Qualcomm, the American semiconductor giant, has approached Intel regarding a possible takeover, according to a report from The Wall Street Journal.
While no official offer has been made, sources suggest the negotiations are still preliminary, and the deal remains “far from certain.” The New York Times also confirmed the report, noting that Qualcomm has yet to bid formally.
If the acquisition proceeds and passes regulatory hurdles, it would represent a major strategic move for Qualcomm, which has re-entered the desktop processor market as part of Microsoft’s AI-driven PC initiative. Known primarily for its dominance in mobile processors, Qualcomm is now expanding its reach, potentially positioning itself as a more formidable player in the broader semiconductor industry.
In contrast, Intel is grappling with significant challenges. Despite some profitable business segments, the company reported a $1.6 billion loss earlier this year, triggering a shift in strategy.
Intel has made deep cuts, reducing its workforce by over 15%, and is restructuring its business. CEO Pat Gelsinger has halted all “nonessential” work and announced plans to spin off Intel’s chip manufacturing division, a former strength now weakened by its reliance on Taiwan’s TSMC for some of its most advanced chips.

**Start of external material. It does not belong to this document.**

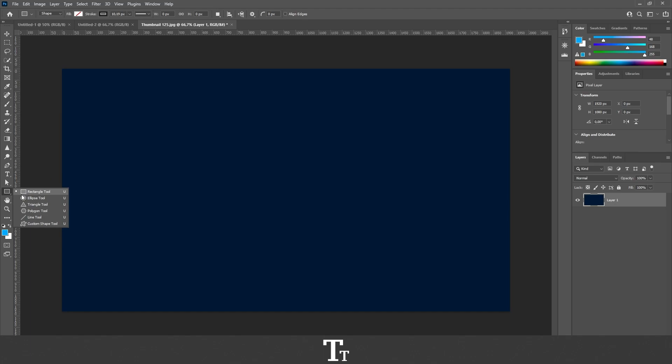In here we have the rectangle tool, ellipse tool, triangle tool, polygon tool, line tool, and even a custom shape tool. From here we can just choose whatever shape we would like to create.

Intel’s production challenges, including delays with its in-house 18A manufacturing process, have compounded its difficulties. These setbacks have undermined Intel’s competitiveness in a market increasingly dominated by rivals like AMD and fabless manufacturers. Qualcomm’s potential acquisition of Intel could reshape the semiconductor industry, but much remains uncertain as talks continue.